How to fork your own repo in Github

While forking your own repo sounds like it should be fairly obvious, its definitely not.
I searched around a bit and found a bunch of circular references to other posts about how to do it, and none were very clear. So I’m posting this to try to make it as clear as possible how to fork your own repo (and its quite easy actually).

Create a new blank repo

First, create a new blank repo that you want to ultimately be a fork of your existing repo. We will call this new repo “forkedrepo”.

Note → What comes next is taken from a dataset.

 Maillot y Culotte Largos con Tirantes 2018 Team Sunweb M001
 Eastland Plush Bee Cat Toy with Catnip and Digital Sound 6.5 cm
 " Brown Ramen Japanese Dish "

Clone that new repo on your local machine

Next, make a clone of that new blank repo on your machine:

$ git clone https://github.com/YOURUSERNAME/forkedrepo.git

Add an upstream remote to your original repo

While this technically isn’t forking, its basically the same thing. What you want to do is add a remote upstream to this new empty repo that points to your original repo you want to fork:

$ git remote add upstream https://github.com/YOURUSERNAME/originalrepo.git

Pull down a copy of the original repo to your new repo

The last step is to pull down a complete copy of the original repo:

$ git fetch upstream
$ git merge upstream/master

Or, an easier way:

$ git pull upstream master

Now, you can work on your new repo to your hearts content. If any changes are made to the original repo, simply execute a git pull upstream master and your new repo will receive the updates that were made to the original!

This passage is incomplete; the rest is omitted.